Dia mengaku tidak ingat mengapa DPR meminta agar sumber anggaran diubah dengan menggunakan APBN.

“Tentu yang bisa menjawab mengapa sumber anggaran berubah dari hibah menjadi APBN adalah DPR. Yang lain saya tidak ingat termasuk siap saja anggota Komisi II DPR yang mengusulkan perubahan sumber pendanaan itu,” kata dia.

Kementerian, ujar Gamawan, hanya menggunakan anggaran tersebut. Yang membahas sumber pembiayaan adalah Menteri Keuangan dengan DPR.

Bantah terima uang

Nominal anggaran yang sangat besar dalam sebuah proyek dianggap oleh Majelis Hakim rentan disalahgunakan. Terlebih dalam persidangan, Gamawan mengaku tidak tahu jika ada uang dari anggaran senilai Rp 5,9 triliun itu yang tercecer dan masuk ke kantong pribadi. Dia mendasarkan pernyataannya itu pada laporan BPK yang diterimanya.

“Saya tidak pernah menerima laporan (dari BPK) ada uang negara yang tercecer hingga Rp 2,3 triliun. Saya juga tidak menerima laporan soal berapa anggaran yang digunakan untuk proyek pembuatan KTP Elektronik,” tutur Gamawan.

Pernyataan itu sempat membuat majelis hakim tak habis pikir. Lantaran posisinya yang saat itu sebagai nahkoda Kemendagri, namun malah terkesan tidak melakukan pengawasan terhadap penggunaan anggaran.

Namun, Gamawan menolak dengan tegas jika disebut menerima sepeser pun uang dari proyek KTP Elektronik.

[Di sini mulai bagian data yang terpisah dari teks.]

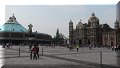 Mexico, CDMX - 14/11/2016 - 16:08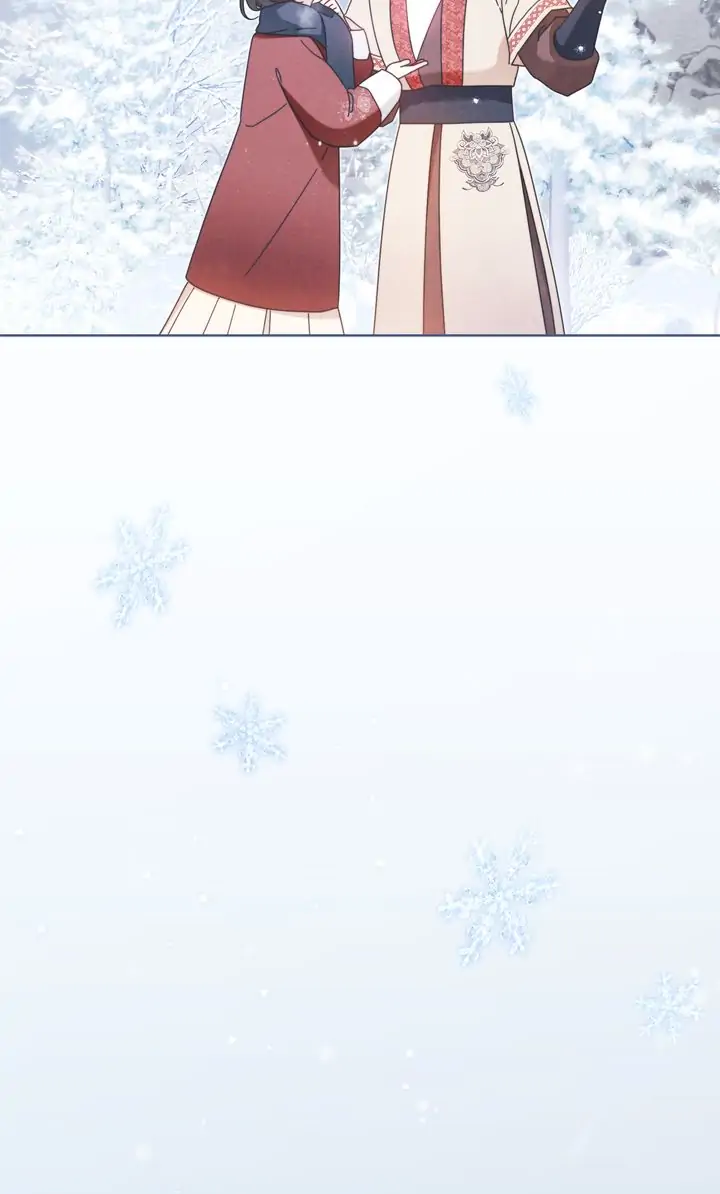 Mokrin Chapter 27 - Page 34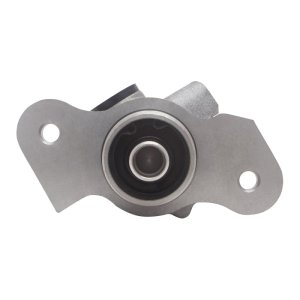 BMW 745i Brake Master Cylinder - DFC - `02-`09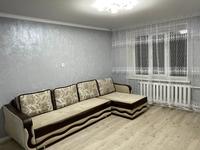 2-комнатная квартира, 50 м², 5/5 этаж, Мкр Каратал за 16.2 млн 〒 в Талдыкоргане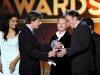 danny-boyle.jpg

Dakwaan KPK yang dibacakan pada sidang perdana pada Kamis, 9 Maret lalu dianggapnya tidak lebih dari sekedar fitnah.

Gamawan bahkan berani bersumpah akan dikutuk oleh Tuhan dan didoakan segera mati seandainya ada satu rupiah yang dia terima dari proyek KTP Elektronik.

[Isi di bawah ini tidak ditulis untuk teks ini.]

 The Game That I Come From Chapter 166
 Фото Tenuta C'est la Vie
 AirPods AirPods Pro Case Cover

“Kalau saya mengkhianati bangsa, saya mohon didoakan agar dikutuk oleh Allah SWT. Saya meminta tolong kepada rakyat Indonesia agar saya segera mati jika terbukti menerima uang US$ 4,5 juta dan Rp 50 juta,” kata Gamawan dengan nada bicara emosi.

Dia mengklarifikasi uang Rp 50 juta itu diperoleh karena menjadi pembicara di lima provinsi. Sesuai aturannya, seorang Menteri akan diberi honor per jamnya Rp 5 juta.

“Kalau saya berbicara dua jam maka menjadi Rp 10 juta dan saya berbicara di 5 provinsi. Itu uang resmi,” katanya.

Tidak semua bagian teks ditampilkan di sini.